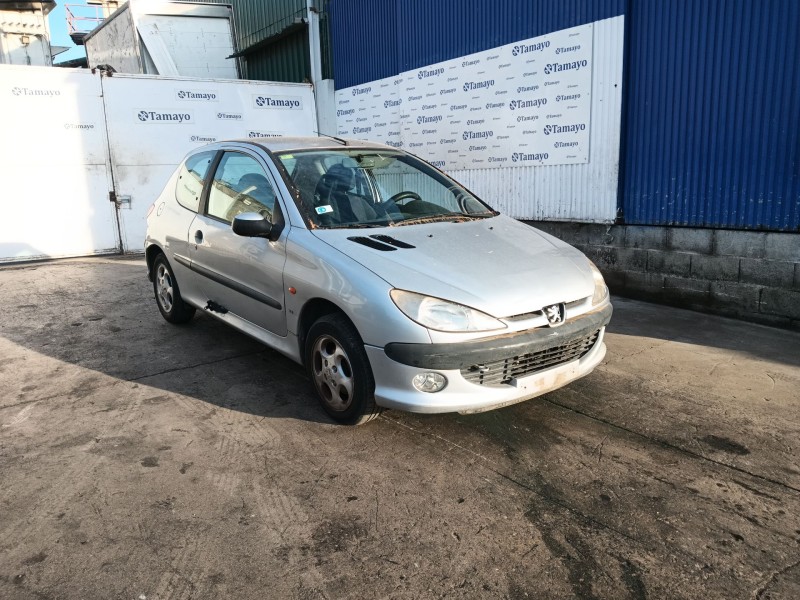 peugeot 206 hatchback (2a/c) del año 1999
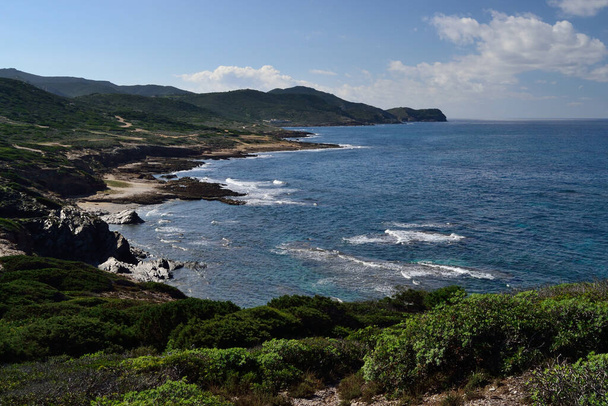 A costa de Porto Palmas - Foto, Imagem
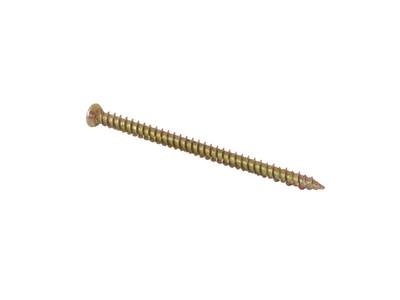 Анкер 7,5х112 мм (шуруп по бетону), под насадку TORX 30, с насечками, Elementis Изображение 2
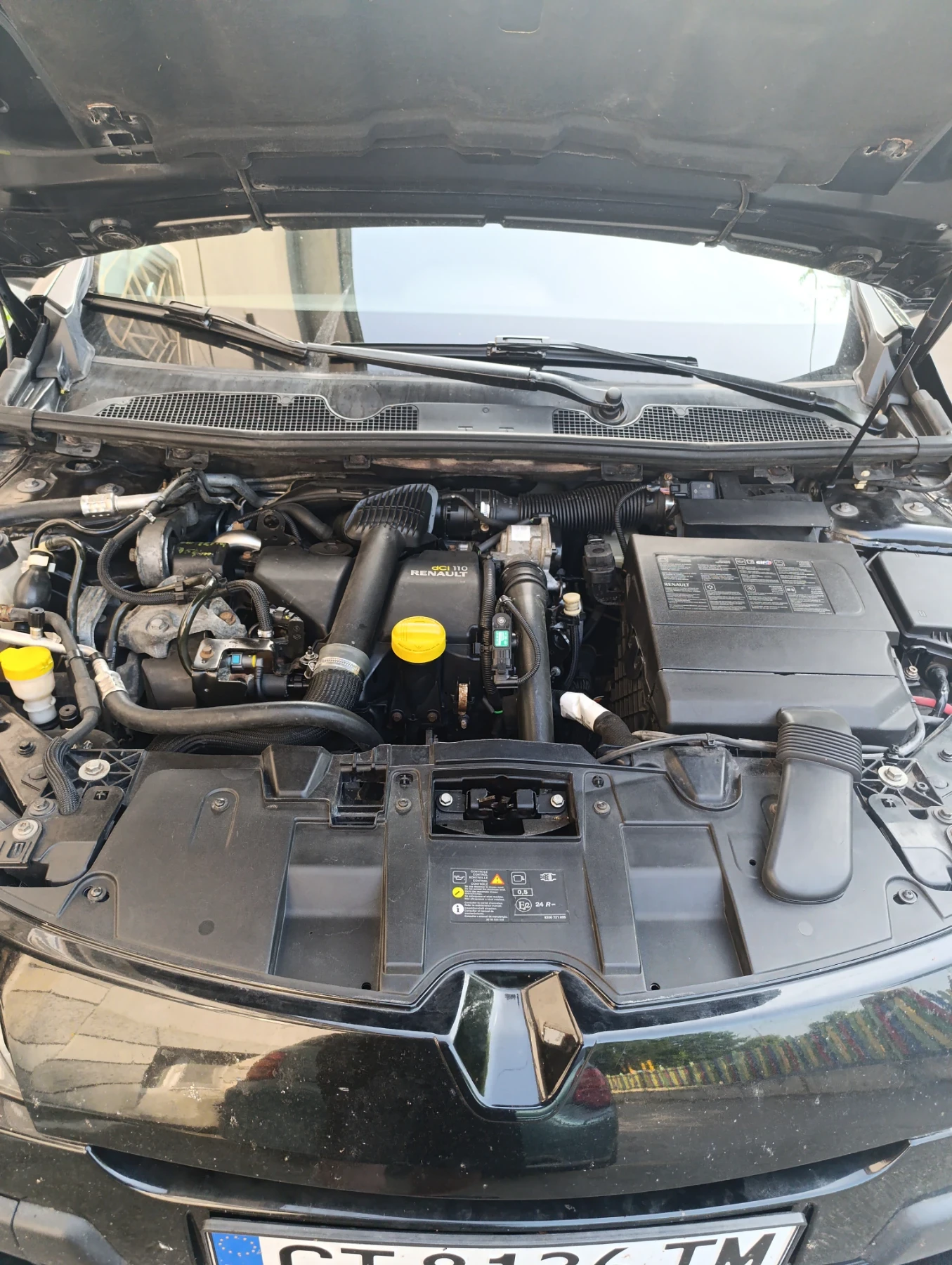 Renault Megane Mk3 - изображение 8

What you will do ▸ The answer must be the full listing, word for word, with no images in it.

Response to the task ▸
 peugeot 206 hatchback (2a/c) del año 1999
 A costa de Porto Palmas - Foto, Imagem
 Анкер 7,5х112 мм (шуруп по бетону), под насадку TORX 30, с насечками, Elementis Изображение 2
 Renault Megane Mk3 - изображение 8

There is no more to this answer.